• **DATA**
[Start of section]

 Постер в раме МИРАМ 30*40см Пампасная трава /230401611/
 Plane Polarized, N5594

[End of section]
[Start of section]

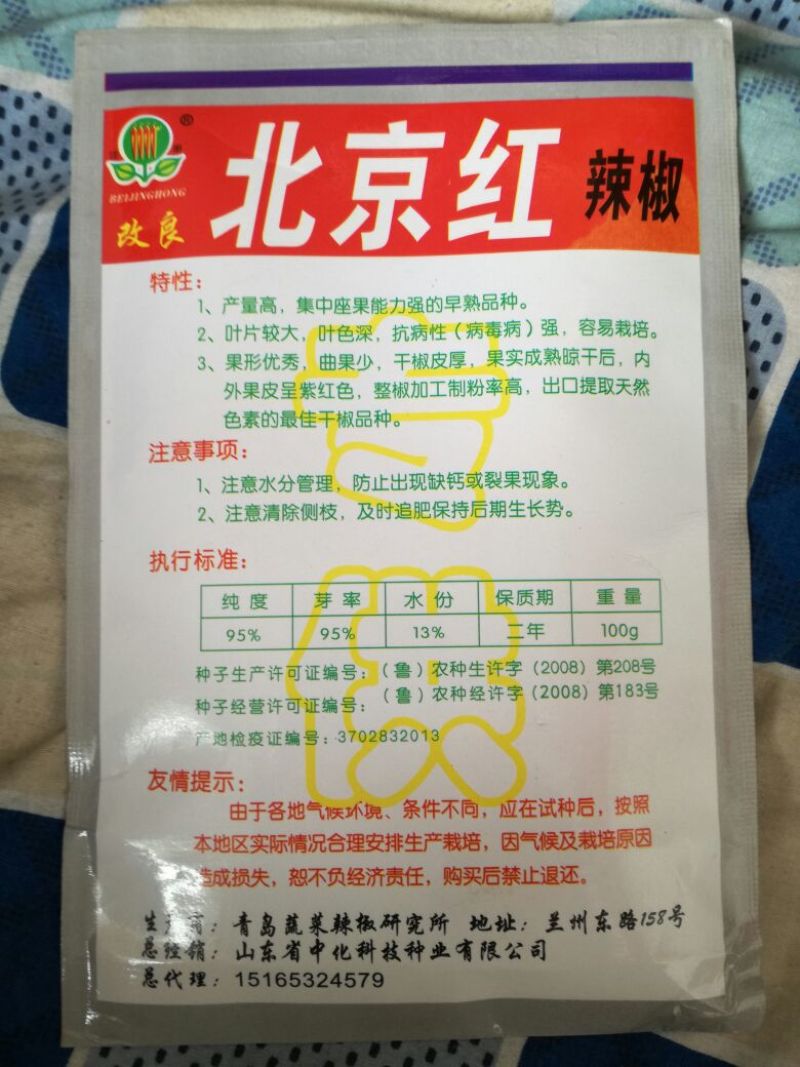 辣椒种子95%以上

[End of section]
[Start of section]

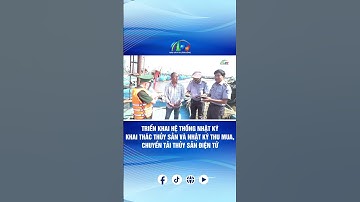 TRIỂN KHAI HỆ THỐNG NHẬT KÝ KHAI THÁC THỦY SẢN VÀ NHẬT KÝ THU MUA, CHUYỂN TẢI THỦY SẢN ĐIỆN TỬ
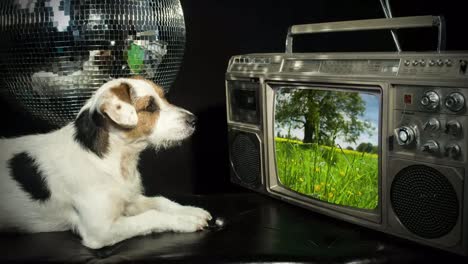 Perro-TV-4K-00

[End of section]

• **EXERCISE**
Return exactly the lines above from the line that has "Постер в раме" through the line that has "Plane Polarized, N5594", inclusive, and nothing else.

• **SOLVED PROBLEM**
 Постер в раме МИРАМ 30*40см Пампасная трава /230401611/
 Plane Polarized, N5594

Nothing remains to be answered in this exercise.